This might be one of the most inspired, enervating paragraphs I have read in a long time, alive with words not often found in fiction (“yeastily”! “traumata”!), combined with a description of a series of acts of such improbability that it still comes as a surprise to learn in the next paragraph that Dominique the stripper has died on the sixth day of her marathon dance session. One has a sense of Dominique as trapped by these knots she cannot remove, and yet empowered to remove them; she is performing, voluptuously, but also bored, as the shrug suggests This Moroccan stripper’s is, on the one hand, considered so tangential that it is entirely parenthetical. On the other hand, Mathews’ frames her death as of such magnitude that “she was proposed to Rome for canonization.” It hadn’t once occurred to me she might be a Catholic.

If Mathews owes a debt to anyone, it is Georges Bataille and his Story of the Eye. Tlooth is less aggressive (if no less violent) but just as manic in its appetites, and just as absurd in its approach to the same. A long section—at least, long in the context of this story—in the middle of Mathews’ novel is itself another fiction, a living walkthrough of a movie script, highly pornographic, that the narrator has been hired to write. I call it a “living walkthrough” because, as the reader, you lose your own sense of whether you’re reading the script that Mathews’ protagonist has written, or if that same protagonist is now actually in the story.

We get references to how the camera should pan in one direction or the other. We get a mixture of highly specific, scene-setting detail—from clothing to the use of Wedgwood china to the acts being performed and in which locations—and at the same time a glib skipping over of any kind of context that might help the reader establish a genuine point of reference. It doesn’t really matter. And still, at the end of the whole section, after so much absurdist human interaction, it comes as a surprise to find the script completely dismissed by the crazy Count who commissioned it: “It’s interesting. But where is the character development? In the last scene we do not really know anything more about Sister Agnes than we did in the first.” (Page 136)

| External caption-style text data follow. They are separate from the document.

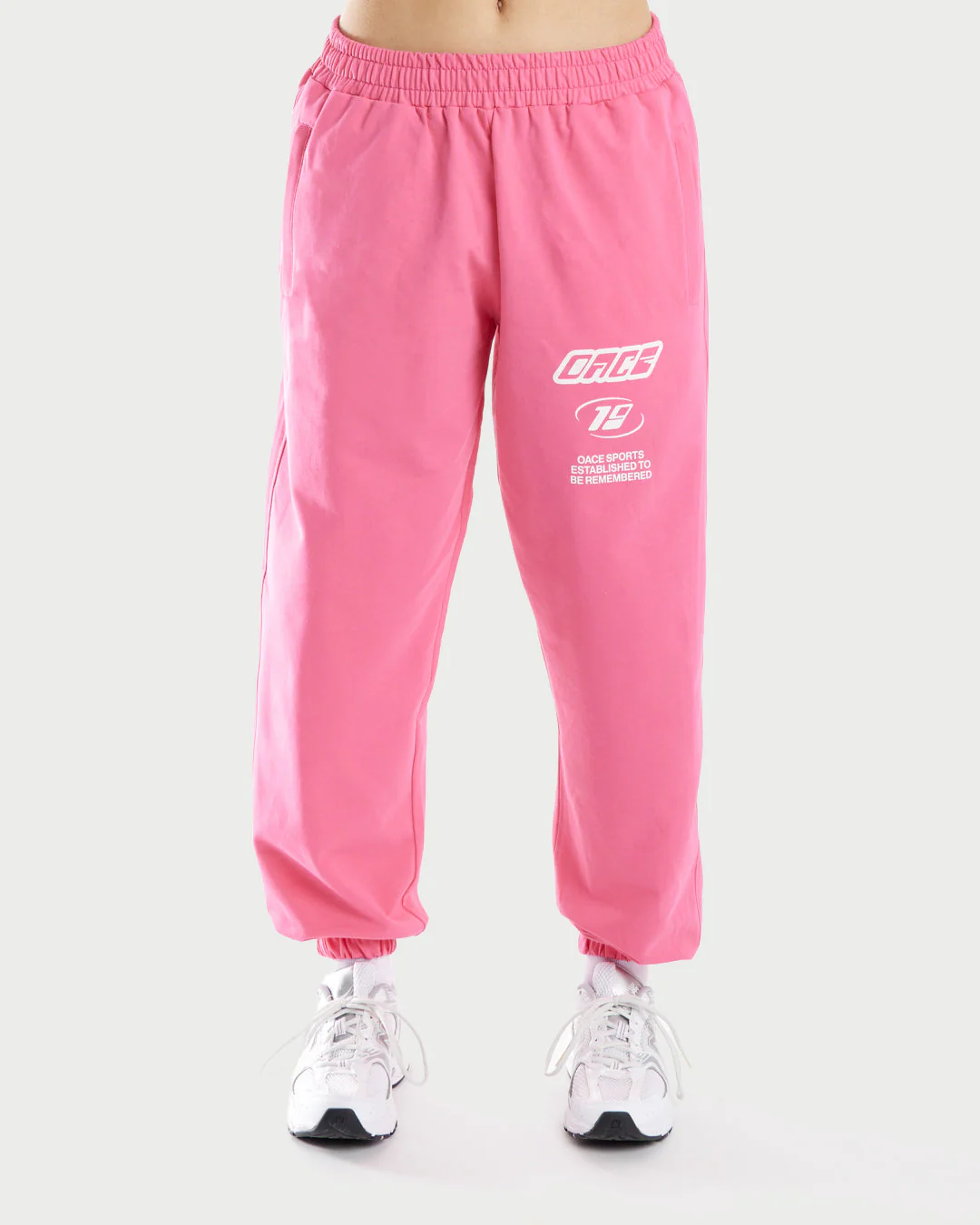 2K Baggy Jogger Pants Women - Image 5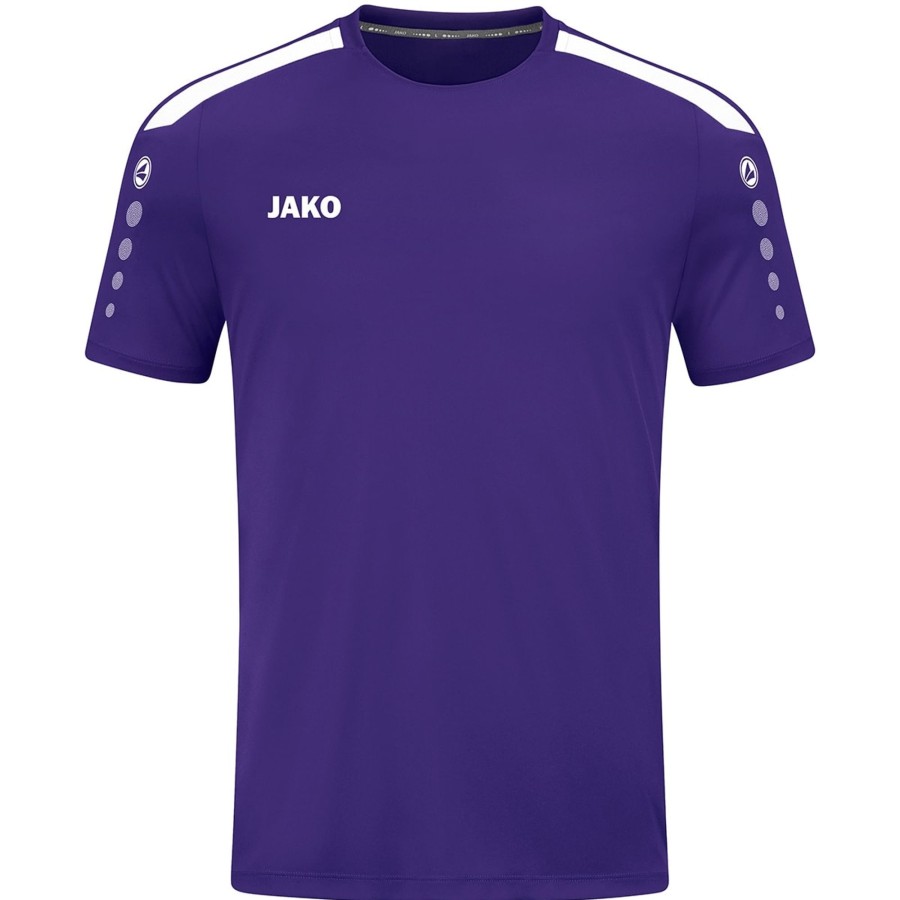 Kinder Jako Trikots | Jako Kinder Trikot Power Lila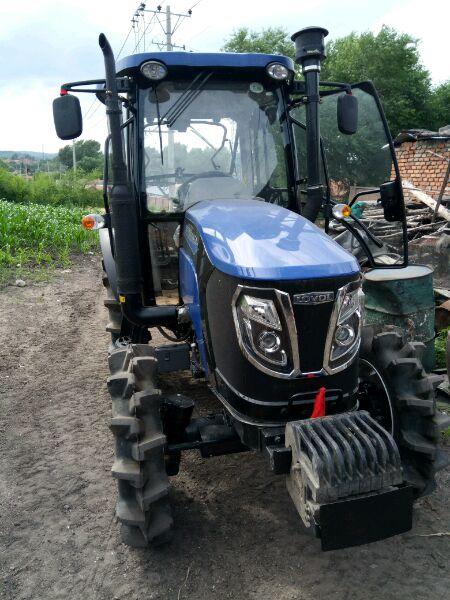 农机|拖拉机|雷沃_新浪网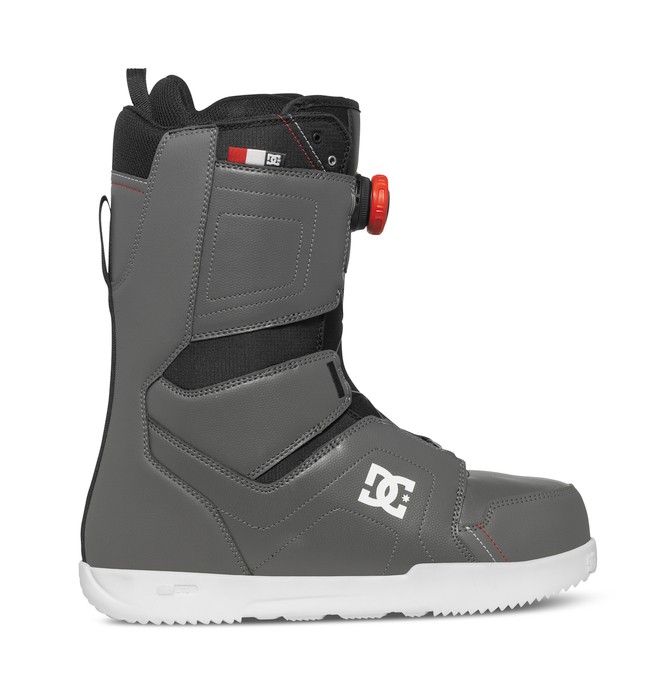 Scout - Snowboard Boots ADYO100014 0 Scout - Snowboard Boots ADYO100014 DC Shoes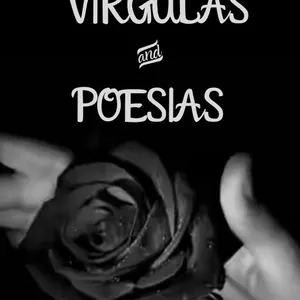 Imagem de capa para o Ebook CONTOS VIRGULAS E POESIA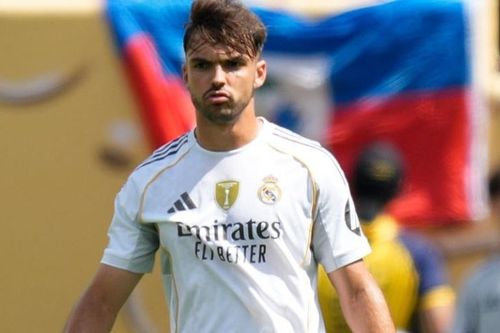 Cầu thủ đầu tiên bị Alonso 'trảm' sau Club World Cup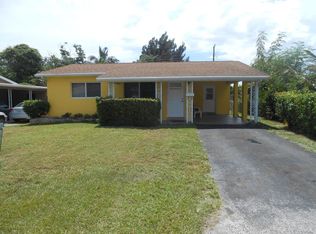 134 SW 7th Ave, Boynton Beach, FL 33435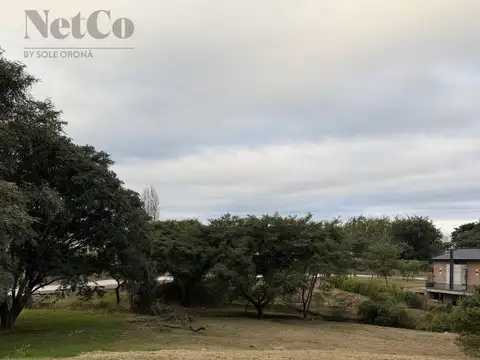Terreno en Venta 33  mts Frente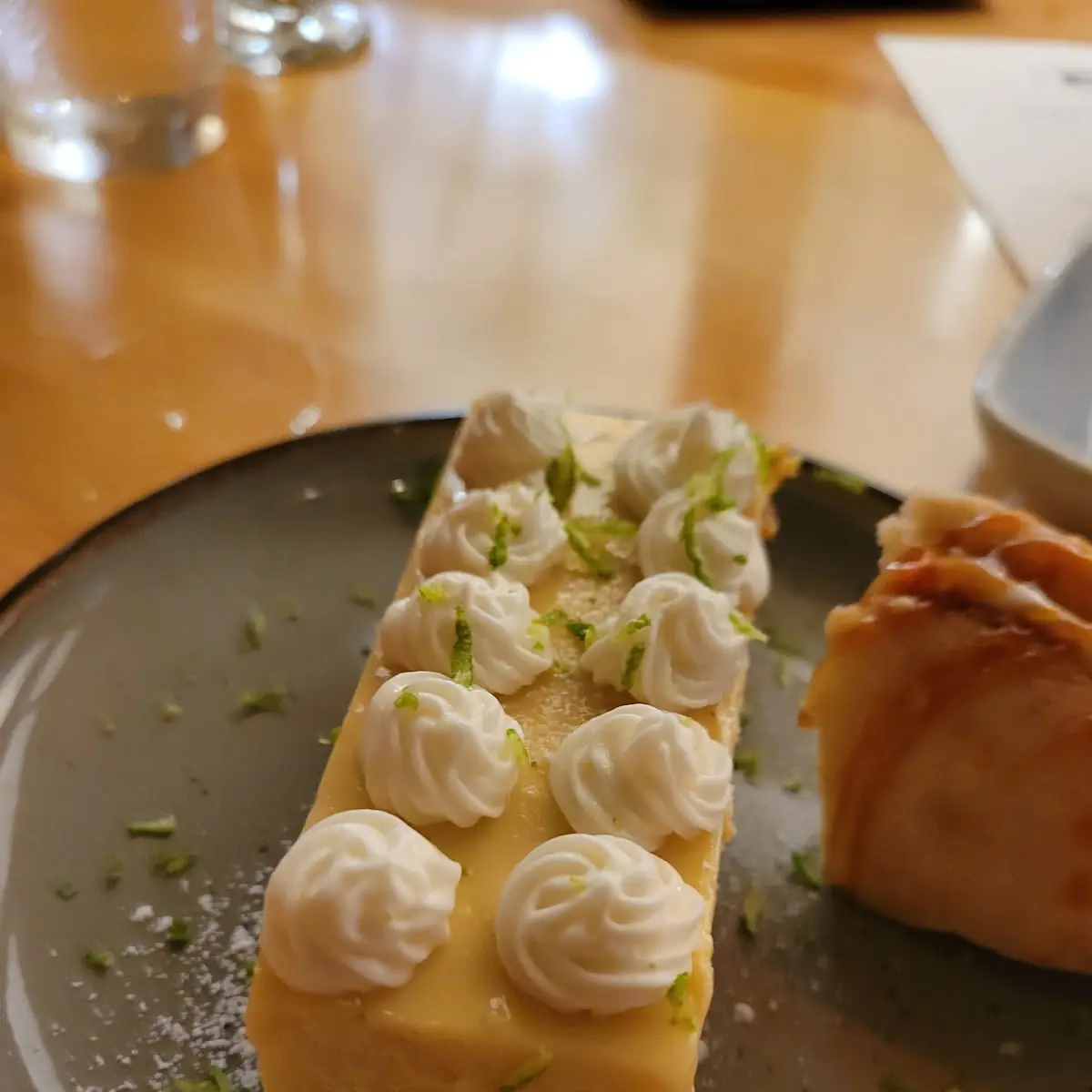 Key Lime Pie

Indeed, we do not learn much at all about Sister Agnes. The character development is ours, the readers’. We learn something of ourselves from Tlooth, as we do from most difficult (and may I here use the word surrealist?) works. Yes, we learn about ourselves and our ability or willingness to read through challenging literature. More importantly, I think, are what novels like this teach us about our sense of self: whether, in wading through complicated, deeply layered and hidden ideas, we find things at which to smile or laugh, and whether we can see in small, absurdist details, analogies to how most of us also fixate on the little bits of errata in our daily lives. We just don’t normally see such things as particularly absurd—but perhaps we should. We might be happier that way, and more alive.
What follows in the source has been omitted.